In linear regression, the observations (red) are assumed to be the result of random deviations (green) from an underlying relationship (blue) between a dependent variable (y) and an independent variable (x).
Linear regression models are often fitted using the least squares approach, but they may also be fitted in other ways.
Ordinary least squares (OLS) is a method for estimating the unknown parameters in a linear regression model. OLS chooses the parameters of a linear function by minimizing the sum of the squares of the differences between the dependent variable and those predicted by the linear function of the independent variable (i.e., the green lines in the figure above).

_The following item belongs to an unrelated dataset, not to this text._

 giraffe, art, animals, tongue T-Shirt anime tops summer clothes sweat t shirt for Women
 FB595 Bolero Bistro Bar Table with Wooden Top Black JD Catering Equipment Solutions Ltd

Mathematically, this can be expressed by a relatively simple formula and solved analytically.
# Generate some fake data for two groups, A and B
N <- 15
Aslope <- 1
Bslope <- 3
Aintercept <- 0
Bintercept <- -3
Nseq <- seq_len(N)
Adat <- data.frame(group = "A",
x = Nseq,
y = Nseq * Aslope + Aintercept)
Bdat <- data.frame(group = "B",
x = Nseq,
y = Nseq * Bslope + Bintercept)
dat <- rbind(Adat, Bdat)
# Add some random noise
dat$y <- dat$y + rnorm(nrow(dat)) * 2
ggplot(dat, aes(x, y, color = group)) + geom_point(size = 4)
# "y is a linear function of x"
m1 <- lm(y ~ x, data = dat)
summary(m1)
##
## Call:
## lm(formula = y ~ x, data = dat)
##
## Residuals:
## Min 1Q Median 3Q Max
## -13.854 -6.111 -1.013 7.052 13.596
##
## Coefficients:
## Estimate Std. Error t value Pr(>|t|)
## (Intercept) -1.0034 3.1558 -0.318 0.753
## x 1.9582 0.3471 5.642 4.82e-06 ***
## ---
## Signif. codes: 0 '***' 0.001 '**' 0.01 '*' 0.05 '.' 0.1 ' ' 1
##
## Residual standard error: 8.214 on 28 degrees of freedom
## Multiple R-squared: 0.532, Adjusted R-squared: 0.5153
## F-statistic: 31.83 on 1 and 28 DF, p-value: 4.818e-06
The model has an intercept of -1.003, which is not significantly different from zero (as the p-value is 0.753).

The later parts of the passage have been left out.